• **Assigned task**: The entries are to be reproduced word for word, with all images left out.

----

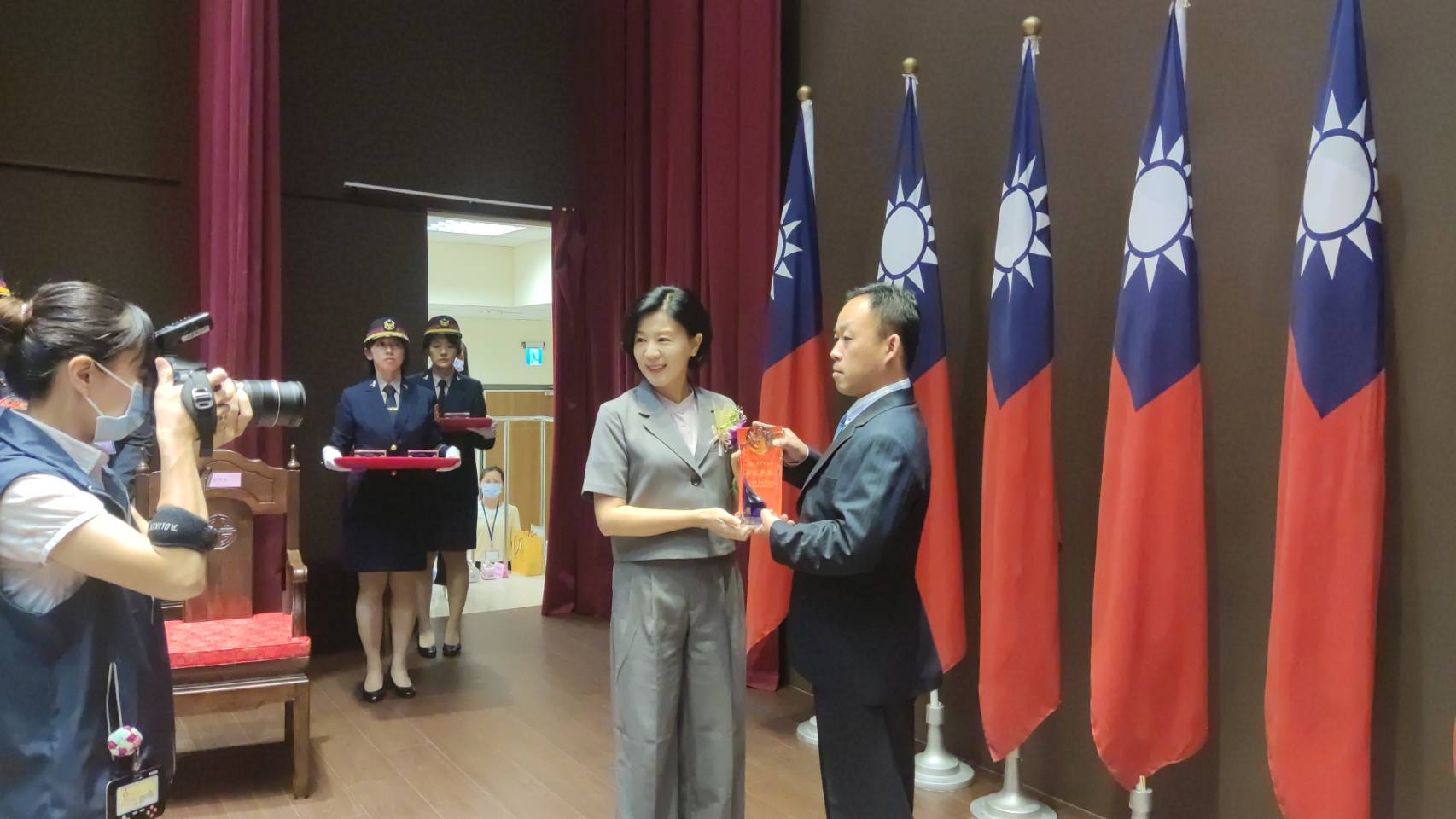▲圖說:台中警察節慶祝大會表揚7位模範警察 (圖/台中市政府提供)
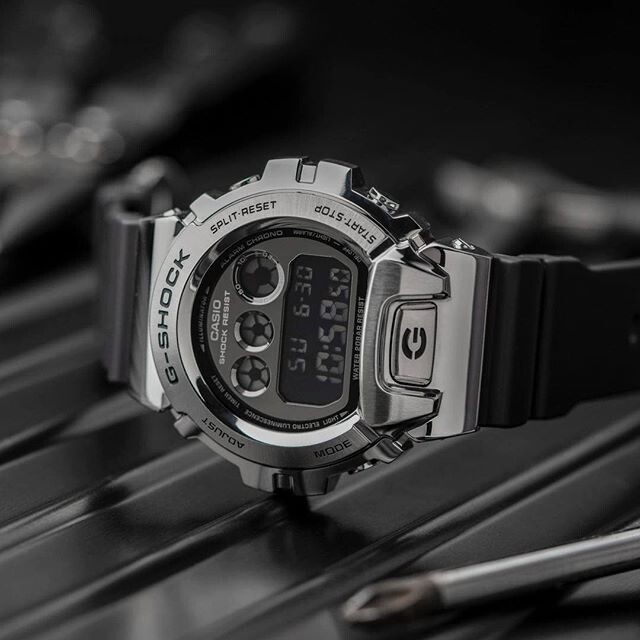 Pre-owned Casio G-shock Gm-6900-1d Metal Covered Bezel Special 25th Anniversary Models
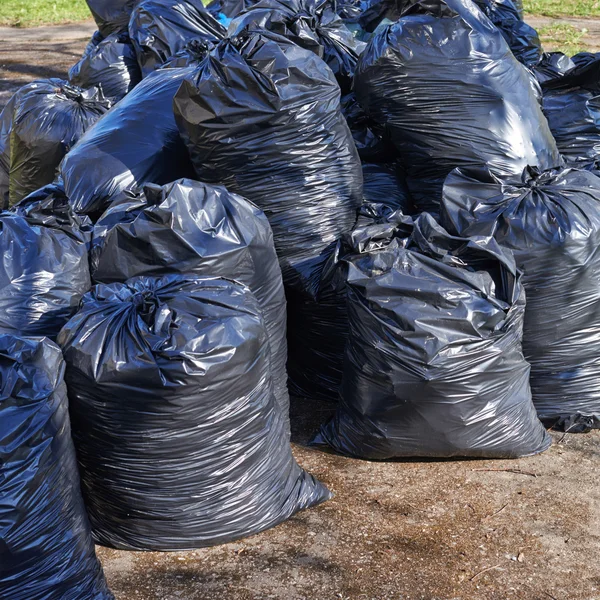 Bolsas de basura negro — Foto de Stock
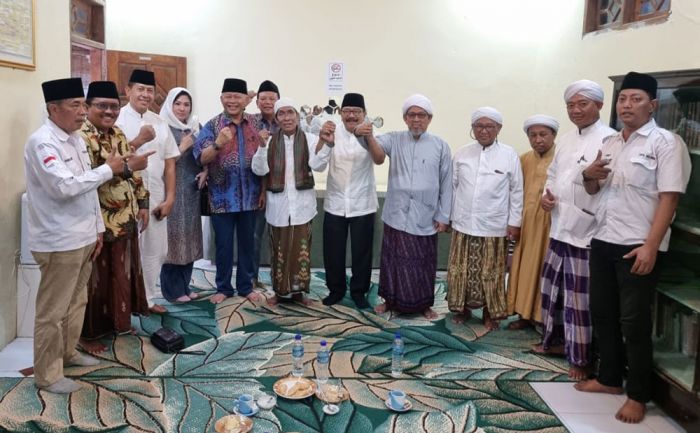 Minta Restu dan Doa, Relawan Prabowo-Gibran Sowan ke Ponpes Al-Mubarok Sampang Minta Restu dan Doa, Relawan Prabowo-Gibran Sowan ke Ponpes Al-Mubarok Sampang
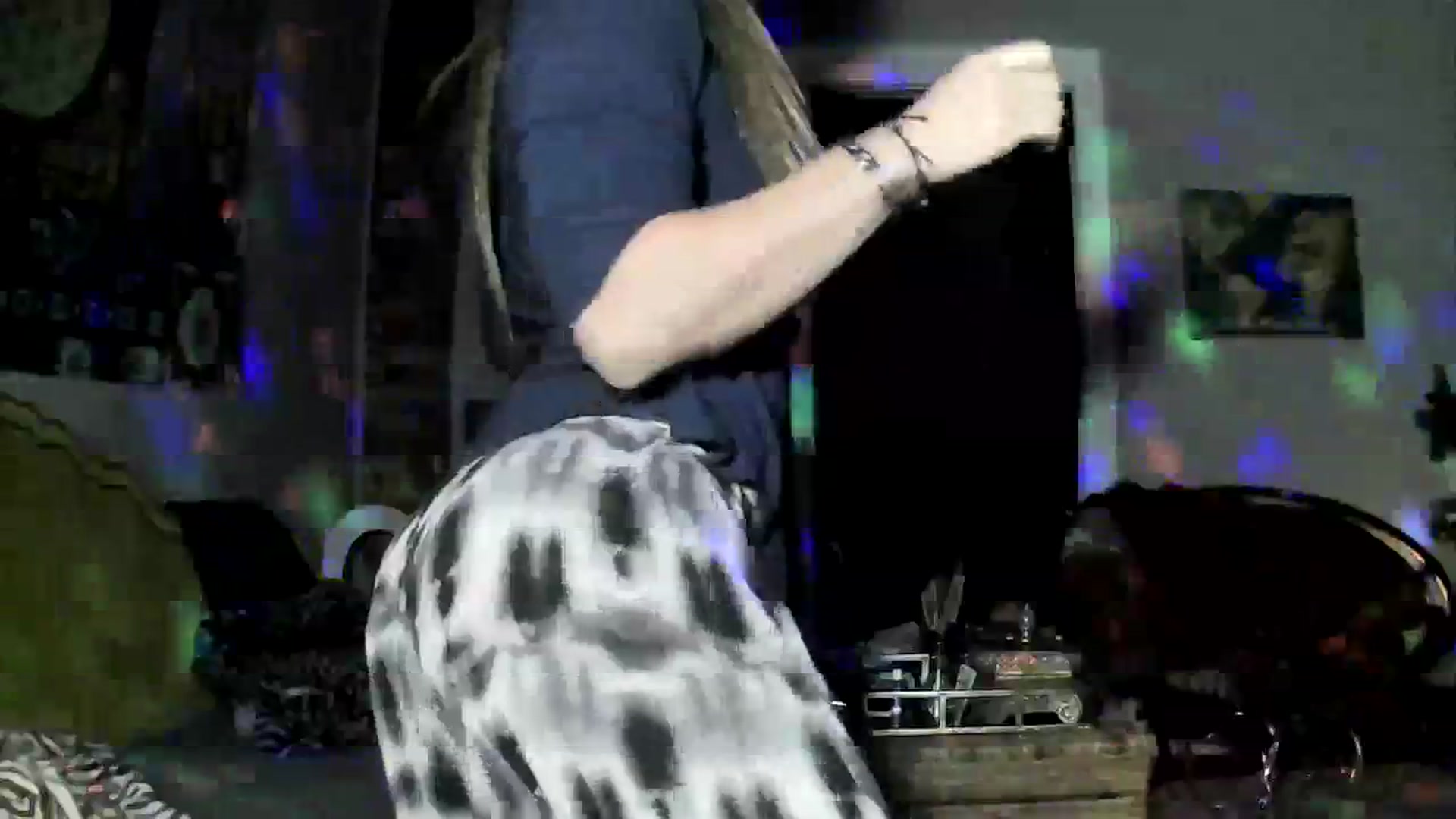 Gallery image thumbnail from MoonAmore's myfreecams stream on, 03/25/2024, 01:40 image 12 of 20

----

• **Response below**:
▲圖說:台中警察節慶祝大會表揚7位模範警察 (圖/台中市政府提供)
 Pre-owned Casio G-shock Gm-6900-1d Metal Covered Bezel Special 25th Anniversary Models
 Bolsas de basura negro — Foto de Stock
 Minta Restu dan Doa, Relawan Prabowo-Gibran Sowan ke Ponpes Al-Mubarok Sampang Minta Restu dan Doa, Relawan Prabowo-Gibran Sowan ke Ponpes Al-Mubarok Sampang
 Gallery image thumbnail from MoonAmore's myfreecams stream on, 03/25/2024, 01:40 image 12 of 20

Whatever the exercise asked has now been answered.